Let me set the scene for you. Majestic Australia. True Blood’s Ryan Kwanten. Modern Western. Revenge. If you’ve become slightly aroused or entirely interested in Red Hill, no one’s blaming you. In fact, I’m right there with you, which is why I slipped myself into a screening of writer/director Patrick Hughes’ debut feature as soon as possible.
In Red Hill, Ryan Kwanten stars as Shane Cooper, a young police constable who moves to the small town of Red Hill, Australia, with his wife, looking for peace and quiet. What he finds is a surly police Captain in “Old Bill,” a no non-sense law enforcer and town patriarch who doesn’t take a shine to the fresh faced Cooper. After a slow moving morning that involves horses and a potential panther attack, the sleepy town wakes up in a panic when former resident bad boy and convicted murderer Jimmy Conway escapes prison and sets his sights on vengeance.
Based on the bad ass poster or some early rumblings or name drops of Mad Max, you might walk into this film thinking you’re going into an action film- if that’s the case, you’ll find a different type of film, but still a pretty good one. Red Hill starts off somewhat slowly, but enjoyably, in establishing the slow pace of town life, Cooper’s personality, and the emotional reasons for the move out of the city.
There really isn’t much in the film that you haven’t seen before: Cooper is a cop who couldn’t fire his weapon at a young criminal, he hesitates to use his weapon, and there’s more to this sleepy town than is first suspected. That said, there’s nothing wrong with taking a familiar ride through the cinema. The film’s small budget and quick shooting schedule are boosted by the beautiful, sprawling landscape of Australia, which director Patrick Hughes takes full advantage of. There’s one nice scene where Cooper tears over a hill in the pouring rain on a horse, merging the old West themes into the modern day plotting.
Kwanten proves in this film that he’s got an emotional range and diversity True Blood fans are probably unaware of. Cooper couldn’t be further away from the loud, boyish Jason Stackhouse, and Kwanten makes him infinitely likable and his performance of certain key scenes really elevate the character to an admirable one.
Despite his great performance, Kwanten doesn’t manage to own the show- the virtually silent Jimmy Conway (Tommy Lewis) brings a quiet and violent brooding that is comparable to No Country for Old Men’s Anton Chigurh. Throughout the course of the film we actually spend a lot of time with Conway as he works his way through all those of wronged him with a shotgun and a pair of pistols. While it does take a bit to get there and it slows at time, once Jimmy sets upon his path of death and destruction, he coldly and stoically doles out death without hesitation and the blood flows readily across the screen.

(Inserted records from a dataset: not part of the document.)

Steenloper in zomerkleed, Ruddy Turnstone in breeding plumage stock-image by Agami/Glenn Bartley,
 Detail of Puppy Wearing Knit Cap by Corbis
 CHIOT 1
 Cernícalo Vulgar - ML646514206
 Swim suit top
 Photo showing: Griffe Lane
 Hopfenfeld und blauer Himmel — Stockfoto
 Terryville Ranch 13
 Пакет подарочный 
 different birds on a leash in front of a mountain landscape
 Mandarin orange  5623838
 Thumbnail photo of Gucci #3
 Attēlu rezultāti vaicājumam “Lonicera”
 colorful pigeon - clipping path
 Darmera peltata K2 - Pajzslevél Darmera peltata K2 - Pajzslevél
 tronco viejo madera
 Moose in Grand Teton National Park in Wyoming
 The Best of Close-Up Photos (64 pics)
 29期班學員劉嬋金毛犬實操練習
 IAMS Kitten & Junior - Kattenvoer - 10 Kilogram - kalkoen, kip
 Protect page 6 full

Red Hill is a small film with shades of No Country that works on the performances of Kwanten and Lewis. While not groundbreaking, it’s a decent watch with a few moments of greatness that I enjoyed. In a conversation I had with writer/director Hughes and star Kwanten, they described the film as sort of “the prequel to every Clint Eastwood Western ever made.” If you think of the film like that- a prequel and a introduction to a meek character who turns into a badass- it makes perfect sense.